Tina Consola, managing deputy director of Mayor Rahm Emanuel’s Department of Finance, acknowledged that City Hall “accelerated the determination of liability on the front end, sped up late penalties on the back end” and changed the law when a judge raised questions about the process, according to plaintiffs attorney Jacie Zolna, who questioned Consola.

Potentially more damaging was Consola’s response when Zolna confronted her with a photograph used to issue a speed-camera ticket to one of his clients accused of going 34 mph near Orr High School in a zone that was marked as having a 20 mph speed limit, but only when children were present.

“She could not discern whether it was a child in the picture. Yet, she also told me it was a completely acceptable practice for the city to issue such tickets,” Zolna said Thursday.

“They’re putting the impossible burden on people of trying to determine whether a blob in a picture is a school child. They’re collecting on tickets that never should have been issued in the first place.”

“The City continues to believe that it will prevail in this case and nothing said in the deposition today changes that,” Law Department spokesman Bill McCaffrey said in an email. The evidence shows that the plaintiffs violated the law and received notices of these violations, and therefore are not entitled to any recovery. We will continue to focus on defending this case in court, and not on trying the case in the media.”

Zolna also cited several other potentially damaging admissions by Consola. She disclosed that:

  • In February 2016, shortly after a judge accused the city of denying motorists due process, the state stopped siphoning state tax refunds of speed-cam and red-light camera scofflaws for fear that Zolna would win the lawsuit.
  • About a month later, the city stopped booting vehicles owned by speed-camera and red-light camera scofflaws and stopped asking the state to suspend their driver’s licenses. When Zolna asked Consola why, an attorney representing the city “refused to let her answer.”
  • Around the same time, the city changed its procedures to give motorists 21 days to contest a notice, instead of 14 days, and lengthened — from 21 to 25 days — the grace period before late fees are tacked on.
  • IBM — the company awarded a 10-year, $188 million contract to operate the computer system used to generate millions of parking, red-light camera and speed-camera tickets — makes the final determination of when tickets are issued, not the city.

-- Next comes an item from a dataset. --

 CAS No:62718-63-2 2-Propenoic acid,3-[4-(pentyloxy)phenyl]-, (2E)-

Earlier this year, a Circuit Court judge accused City Hall of violating the “fundamental principles of justice, equity and good conscience” by issuing thousands of red-light and speed-camera tickets. The motorists who sued alleged they were denied due process because they were not given a second notice of their violations.

Technically, Circuit Judge Kathleen Kennedy simply rejected the city’s motion to dismiss the case and kept alive a lawsuit Zolna filed on behalf of three ticketed motorists.

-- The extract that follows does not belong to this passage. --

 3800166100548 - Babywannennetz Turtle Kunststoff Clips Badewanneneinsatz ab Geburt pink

But the wording of her ruling was so strong there was little doubt thousands of red-light and speed-camera tickets issued since 2003 would ultimately be nullified, potentially forcing the city to refund hundreds of millions of dollars in fines and penalties already paid.

“The second notice provision is designed to protect a non-responding violator’s right to contest a violation before determination of liability issues. This right is generally injured by a directory reading,” the ruling stated. “Therefore, the term ‘shall’ means mandatory in the second notice provisions. . . . Because the second notice requirement at issue is mandatory under the [municipal code of Chicago], the determinations of liability are void and subject to collateral attack.”

Kennedy ruled that the three named plaintiffs in the case had “sufficiently alleged facts showing that the city’s retention of payments from determinations made without a second notice violates the fundamental principles of justice, equity and good conscience.”

“The alleged practice of accelerating late fees without statutory compliance is sufficient to show a violation of the fundamental principles of justice, equity and good conscience,” the judge wrote.

Armed with that ruling, Zolna had hoped to forge ahead with his request for class-action status after months of discovery to determine precisely how many motorists are eligible for refunds.

He subsequently accused the city of trying to slow that process to a crawl by refusing to cough up records and produce a “corporate representative” for a deposition. Kennedy then ordered the deposition.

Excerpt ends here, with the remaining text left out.